12 Ekim 2010 Salı

Teknoloji, selülozu öldürür mü?

Teknoloji gelişmekte; i-pod, i-phone, i-pad, i-book... Bir i-çılgınlıktır gidiyor. Bunlardan sadece i-pod'a sahibim, kendimi çok da Apple delisi hissetmiyorum. Neyse, konumuz bu değil.

Tartışılan bir mevzu var, o da şu ki; internet ya da dijital teknoloji basılı gazeteyi, kitabı, dergiyi öldürür mü? "Belki öldürmez ama süründürür" diyenler de mevcut. Bu, "Sinema tiyatroyu öldürür mü?" geyiğine benziyor. Açıkçası gazetelerin internet versiyonlarını pek sevemedim. Pratik olduğuna şüphe yok; elleri boyamıyor, yer kaplamıyor, vapurda filan yanda oturanın burnuna sokmadan da okunabiliyor; e pek güzel. Ama sürekli bir videoya bakın uyarısı, banner'lar, pop up'lar, yanıp sönen bir şeyler, fotoğrafa tıklayın'lar... Cancanlı, kımıl kımıl. Dikkati sürekli dağıtan bir şeyler...


Tutucu değilim, bak magazine pek sevdiğim bir dergidir misal. Sayfa çevirme efekti bile var. Aynı zamanda altkitap da sevdiğim sitelerdendir. Online yayınevi. İndir kitabı, oku; mis. Ücret ödeme. Üstelik korsan da değil, 10 yıllık bir oluşum. Kuruluş hikayesi burada. Sevdiğim yazarlardan Ayfer Tunç'un işleri ise şurada. Roman, deneme, anlatı, ne ararsanız...

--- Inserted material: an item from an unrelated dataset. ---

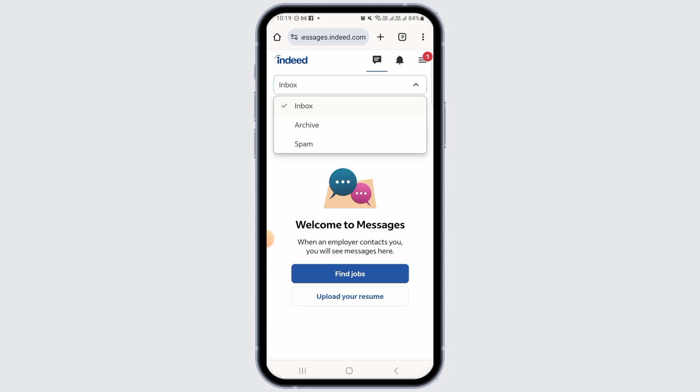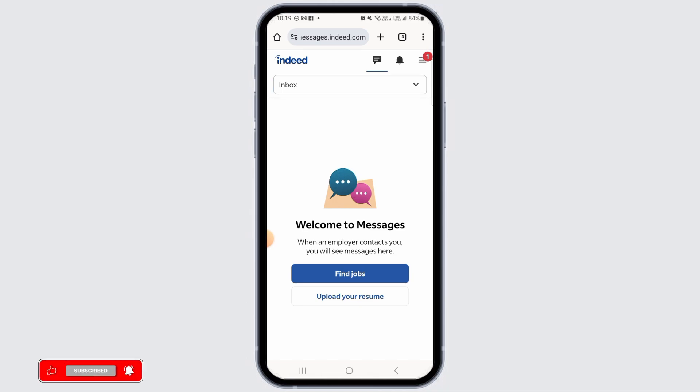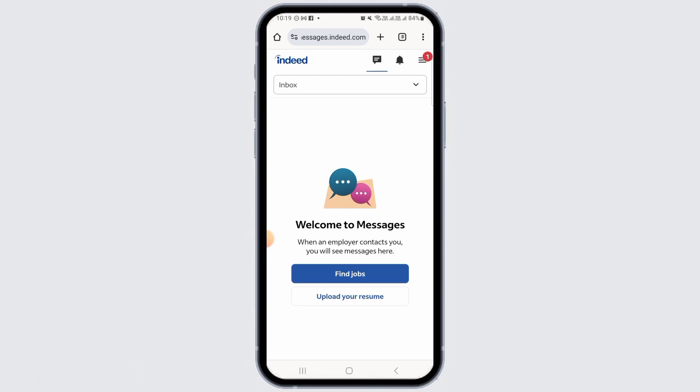Tap on this drop-down menu and you can view your archived or spam messages as well. Now, you want to tap on any message. There, if you have sent a wrong message, you can simply send a corrected message afterwards. Just let the other person know that the previous message you have sent was wrong.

Evet, evde, kanepede, yatakta, vapurda, trende, serviste, otobüste... kitap okumayı; kitabın sayfalarını çevirmeyi, elimde kağıdını hissetmeyi severim. Haftasonları bir sürü gazete alıp içlerinden matruşka misali çıkan ekleri karıştırmayı da. Selülozun kokusu başka.



Bilemiyorum, belki de alışırım bir gün bu elektronik kitaplara, dergilere... Ağaç kesilmeden okunan, ertesi gün çöp olmayan şeylere... Ama ya alışkanlıklar?